## Exercise:
Output the data below line for line, exactly, up to and including the line where "Casa em Condomínio" appears.

--- Extracted information Enclosed Below ---

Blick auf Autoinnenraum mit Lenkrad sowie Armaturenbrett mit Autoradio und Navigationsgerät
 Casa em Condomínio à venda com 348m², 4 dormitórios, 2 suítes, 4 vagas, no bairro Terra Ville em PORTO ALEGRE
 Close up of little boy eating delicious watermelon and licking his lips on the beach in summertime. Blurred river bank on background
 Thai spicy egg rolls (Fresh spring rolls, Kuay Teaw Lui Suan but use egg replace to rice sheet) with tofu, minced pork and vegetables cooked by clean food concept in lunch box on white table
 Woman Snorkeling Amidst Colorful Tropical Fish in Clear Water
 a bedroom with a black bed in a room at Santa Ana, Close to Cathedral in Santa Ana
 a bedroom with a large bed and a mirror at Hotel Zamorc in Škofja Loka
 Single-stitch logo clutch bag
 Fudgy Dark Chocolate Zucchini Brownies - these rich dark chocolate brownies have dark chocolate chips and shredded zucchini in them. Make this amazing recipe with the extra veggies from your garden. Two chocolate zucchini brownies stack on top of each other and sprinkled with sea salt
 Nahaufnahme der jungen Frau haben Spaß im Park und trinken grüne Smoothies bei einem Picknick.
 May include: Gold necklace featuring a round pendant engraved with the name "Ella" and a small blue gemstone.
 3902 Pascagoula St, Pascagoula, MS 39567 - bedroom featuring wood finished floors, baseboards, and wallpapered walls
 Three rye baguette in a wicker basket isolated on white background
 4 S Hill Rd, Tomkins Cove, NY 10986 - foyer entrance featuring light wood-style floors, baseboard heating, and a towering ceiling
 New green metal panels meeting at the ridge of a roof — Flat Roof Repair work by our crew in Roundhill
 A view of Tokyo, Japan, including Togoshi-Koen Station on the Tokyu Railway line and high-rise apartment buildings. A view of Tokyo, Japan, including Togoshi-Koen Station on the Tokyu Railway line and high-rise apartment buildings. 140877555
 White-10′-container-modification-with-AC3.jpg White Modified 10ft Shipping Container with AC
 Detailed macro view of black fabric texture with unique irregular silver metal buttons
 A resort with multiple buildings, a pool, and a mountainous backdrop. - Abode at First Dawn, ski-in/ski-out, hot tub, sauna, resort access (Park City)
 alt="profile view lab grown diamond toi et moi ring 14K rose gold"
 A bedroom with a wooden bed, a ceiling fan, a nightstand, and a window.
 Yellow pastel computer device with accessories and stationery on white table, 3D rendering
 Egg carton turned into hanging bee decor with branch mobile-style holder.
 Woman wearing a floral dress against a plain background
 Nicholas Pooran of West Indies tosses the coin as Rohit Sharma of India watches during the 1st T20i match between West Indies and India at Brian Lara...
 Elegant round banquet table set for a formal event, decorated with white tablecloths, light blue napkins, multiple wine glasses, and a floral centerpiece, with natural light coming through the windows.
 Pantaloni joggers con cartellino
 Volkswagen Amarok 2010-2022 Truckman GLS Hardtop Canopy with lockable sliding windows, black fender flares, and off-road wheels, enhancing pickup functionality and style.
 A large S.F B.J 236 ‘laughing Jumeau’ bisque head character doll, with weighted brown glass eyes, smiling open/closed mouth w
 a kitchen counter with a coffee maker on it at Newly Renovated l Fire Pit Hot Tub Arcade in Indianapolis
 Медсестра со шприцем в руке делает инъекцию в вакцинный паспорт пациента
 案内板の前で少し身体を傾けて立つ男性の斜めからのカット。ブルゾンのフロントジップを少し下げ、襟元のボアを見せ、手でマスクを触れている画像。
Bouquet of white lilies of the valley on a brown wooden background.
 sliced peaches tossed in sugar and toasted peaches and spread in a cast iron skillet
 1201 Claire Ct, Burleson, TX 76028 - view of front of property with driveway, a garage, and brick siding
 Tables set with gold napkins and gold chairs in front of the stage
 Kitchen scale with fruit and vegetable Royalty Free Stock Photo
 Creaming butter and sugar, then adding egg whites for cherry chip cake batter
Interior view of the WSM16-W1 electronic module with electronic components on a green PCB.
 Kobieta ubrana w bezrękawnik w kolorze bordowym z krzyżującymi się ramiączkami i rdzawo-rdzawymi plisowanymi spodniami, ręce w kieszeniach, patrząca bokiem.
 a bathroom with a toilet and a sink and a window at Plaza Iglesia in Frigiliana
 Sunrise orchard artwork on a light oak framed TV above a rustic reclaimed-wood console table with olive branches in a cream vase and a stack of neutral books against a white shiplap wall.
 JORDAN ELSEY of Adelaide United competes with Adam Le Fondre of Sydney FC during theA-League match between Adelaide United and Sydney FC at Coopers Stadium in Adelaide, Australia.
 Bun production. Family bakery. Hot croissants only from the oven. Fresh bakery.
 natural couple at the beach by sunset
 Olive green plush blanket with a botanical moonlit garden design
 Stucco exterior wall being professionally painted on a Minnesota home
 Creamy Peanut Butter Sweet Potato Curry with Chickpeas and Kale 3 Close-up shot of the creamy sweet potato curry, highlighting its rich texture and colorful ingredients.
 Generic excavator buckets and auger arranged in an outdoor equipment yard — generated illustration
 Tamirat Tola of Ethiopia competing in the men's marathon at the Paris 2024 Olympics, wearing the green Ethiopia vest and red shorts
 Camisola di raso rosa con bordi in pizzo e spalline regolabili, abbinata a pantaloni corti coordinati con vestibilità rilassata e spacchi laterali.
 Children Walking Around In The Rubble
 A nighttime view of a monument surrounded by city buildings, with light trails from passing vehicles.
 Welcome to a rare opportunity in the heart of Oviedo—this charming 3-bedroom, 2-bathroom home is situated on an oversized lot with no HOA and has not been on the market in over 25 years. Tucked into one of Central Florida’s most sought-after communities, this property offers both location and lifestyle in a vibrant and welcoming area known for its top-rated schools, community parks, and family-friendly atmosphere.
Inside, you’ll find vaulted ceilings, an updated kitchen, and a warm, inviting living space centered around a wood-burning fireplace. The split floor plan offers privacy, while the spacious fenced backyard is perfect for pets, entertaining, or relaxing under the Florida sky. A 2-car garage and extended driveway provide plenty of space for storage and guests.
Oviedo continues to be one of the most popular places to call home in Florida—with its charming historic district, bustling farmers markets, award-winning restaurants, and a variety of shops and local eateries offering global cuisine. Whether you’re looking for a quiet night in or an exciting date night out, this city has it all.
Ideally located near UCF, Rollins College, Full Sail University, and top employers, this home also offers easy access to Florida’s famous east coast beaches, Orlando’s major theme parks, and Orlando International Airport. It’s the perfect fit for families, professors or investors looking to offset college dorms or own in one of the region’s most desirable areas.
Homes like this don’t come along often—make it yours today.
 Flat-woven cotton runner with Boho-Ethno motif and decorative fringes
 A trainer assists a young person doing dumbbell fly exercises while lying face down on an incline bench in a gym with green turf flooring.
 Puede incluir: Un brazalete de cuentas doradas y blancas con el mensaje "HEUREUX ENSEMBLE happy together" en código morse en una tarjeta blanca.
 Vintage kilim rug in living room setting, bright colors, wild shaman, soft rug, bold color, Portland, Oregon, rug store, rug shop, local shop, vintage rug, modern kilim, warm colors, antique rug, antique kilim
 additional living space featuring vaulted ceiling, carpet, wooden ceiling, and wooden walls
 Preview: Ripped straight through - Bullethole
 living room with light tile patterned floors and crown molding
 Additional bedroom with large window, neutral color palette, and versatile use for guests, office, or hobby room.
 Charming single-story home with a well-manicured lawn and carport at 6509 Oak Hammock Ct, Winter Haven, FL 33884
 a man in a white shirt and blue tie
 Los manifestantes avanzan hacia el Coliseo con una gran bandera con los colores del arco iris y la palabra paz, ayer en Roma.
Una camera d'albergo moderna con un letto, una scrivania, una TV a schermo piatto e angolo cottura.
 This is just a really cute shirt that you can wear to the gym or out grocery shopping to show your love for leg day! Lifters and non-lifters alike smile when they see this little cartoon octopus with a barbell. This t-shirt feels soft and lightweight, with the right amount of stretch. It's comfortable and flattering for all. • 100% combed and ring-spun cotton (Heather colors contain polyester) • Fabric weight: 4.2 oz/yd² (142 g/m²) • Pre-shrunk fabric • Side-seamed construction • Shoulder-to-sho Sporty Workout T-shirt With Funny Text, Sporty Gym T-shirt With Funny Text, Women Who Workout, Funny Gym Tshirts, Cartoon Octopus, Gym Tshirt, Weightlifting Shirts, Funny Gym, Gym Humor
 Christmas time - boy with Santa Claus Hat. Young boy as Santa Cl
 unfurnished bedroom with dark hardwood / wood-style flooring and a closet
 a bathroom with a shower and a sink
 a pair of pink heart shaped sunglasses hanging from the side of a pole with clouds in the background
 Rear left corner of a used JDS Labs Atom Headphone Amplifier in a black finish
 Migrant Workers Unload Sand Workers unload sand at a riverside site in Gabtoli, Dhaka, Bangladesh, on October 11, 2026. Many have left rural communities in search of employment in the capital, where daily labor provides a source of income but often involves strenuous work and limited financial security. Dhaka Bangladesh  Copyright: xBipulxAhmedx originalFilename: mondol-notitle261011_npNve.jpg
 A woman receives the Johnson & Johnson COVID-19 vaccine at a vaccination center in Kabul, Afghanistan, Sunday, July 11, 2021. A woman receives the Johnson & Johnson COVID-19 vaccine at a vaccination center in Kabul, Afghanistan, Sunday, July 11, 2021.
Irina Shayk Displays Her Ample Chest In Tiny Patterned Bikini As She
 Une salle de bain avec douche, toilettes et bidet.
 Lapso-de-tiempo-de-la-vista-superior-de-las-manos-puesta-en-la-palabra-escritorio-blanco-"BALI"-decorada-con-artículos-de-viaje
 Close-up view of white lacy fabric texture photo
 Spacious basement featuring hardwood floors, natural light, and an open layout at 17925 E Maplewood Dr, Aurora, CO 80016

--- End of Enclosed Extracted information ---

## Written reply:
Blick auf Autoinnenraum mit Lenkrad sowie Armaturenbrett mit Autoradio und Navigationsgerät
 Casa em Condomínio à venda com 348m², 4 dormitórios, 2 suítes, 4 vagas, no bairro Terra Ville em PORTO ALEGRE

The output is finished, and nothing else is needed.